Le plus petit zoo du monde

Le plus petit zoo du monde

Thomas GUNZIG
FOLIO
188pp - 8,30 €

Bifrost n° 31

Critique parue en juillet 2003 dans Bifrost n° 31

« Il suivit l'homme en tenue de chirurgien jusqu'à un bureau où une jeune fille semblait les attendre d'un air un peu triste. Elle portait un tailleur un peu ringard, un imprimé fleuri avec épaulettes mais, excepté cela, elle était vraiment jolie. Très jolie. Un visage harmonieux, de longs cheveux sombres. Henry dit bonjour en souriant. « Elle ne vous répondra pas », dit le chirurgien. Devant l'air étonné d'Henry, il rajouta : « C'est une vache ». » Page 48.

« Le très honorable et très vénérable Moon Joon Jr, à la sagesse multipliée par cinq, grand ordonnateur du yin et du yang, fils du lièvre et frère du cochon, cousin de la loutre, neveu du serpent et père du dragon, lui avait tout appris sur la douleur […] il lui avait déchiré chaque muscle, tordu chaque articulation, cassé chaque os, percé la peau, brûlé les yeux, arraché les ongles, électrifié les testicules, perforé l'abdomen et déplacé les vertèbres, une par une comme les pièces d'un foutu domino. Bruce avait résisté à tout ça avec le flegme glacial qui allait, plus tard, asseoir sa réputation. » Page 87.

Voilà un recueil de sept nouvelles où l'on rencontre, entre autres, de bien étranges personnages : un homme (au bord de la rupture conjugale avec aspersions) trouvant une girafe morte dans son jardin et confiant le problème à l'ouvrier polonais qui a repeint son appartement ; un homme (ignoble de médiocrité intellectuelle) qui, lui, kidnappe des auto-stoppeuses et finit par y mettre le feu ; un homme (esseulé et sinistre) qui, après avoir lu une étonnante petite annonce, prend une vache à apparence humaine comme compagne. Et, cerise sur le gâteau, Bruce Lee (le seul, l'unique !) en grand péril face aux quatre plus dangereuses triades chinoises.

Avec ce livre de 192 pages, maquetté avec de gros caractères pour vieilles taupes acariâtres, dédié à son chat mort en 2001, Thomas Gunzig (dont la langue fait penser à Brel et à Brassens, et l'humour vachard à Francis Mizio), confirme qu'il est un grand auteur, un de ceux qui n'a pas peur de mélanger les genres (kung fu et uchronie ! pour « L'Ours, le coucou, le frelon, la rainette ») et de donner dans l'absurde kafkaïen (« La Girafe »). En guise d'info collatérale, rappelons que ce jeune auteur belge avait reçu le prix Victor-Rossel et le prix Club Méditerranée 2001 pour son précédent ouvrage au Diable Vauvert, Mort d'un parfait bilingue.
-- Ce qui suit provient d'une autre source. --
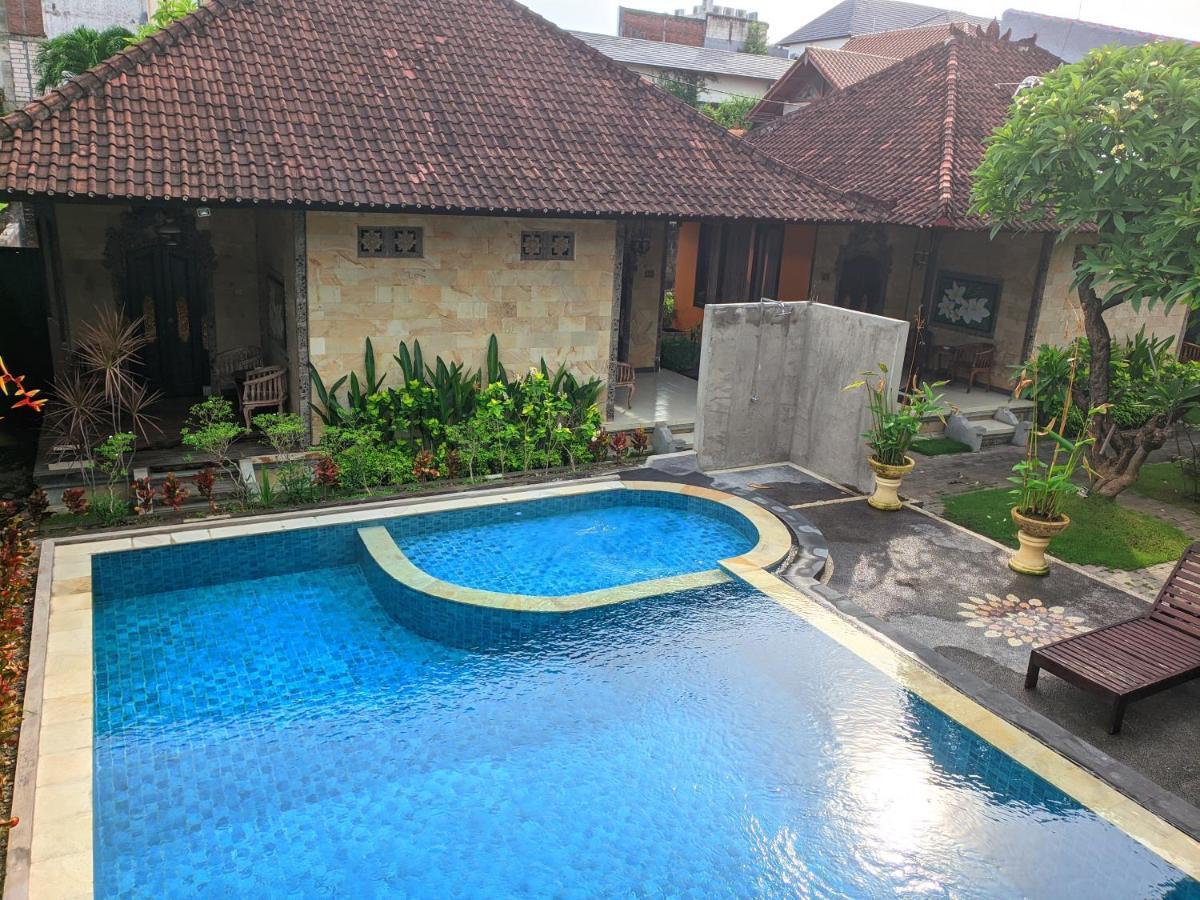 Taman Sari Cottages Kuta Lombok Extérieur photo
Un recueil à lire, donc, car formidable d'inventivité, d'humour et de maîtrise. Cependant, n'en déplaise au Diable, on se permettra un bémol : à quinze euros l'entrée pour une visite de deux heures, ce zoo, bien que ciselé à la dent de requin et poli au scrotum de tigre, est tout simplement hors de prix.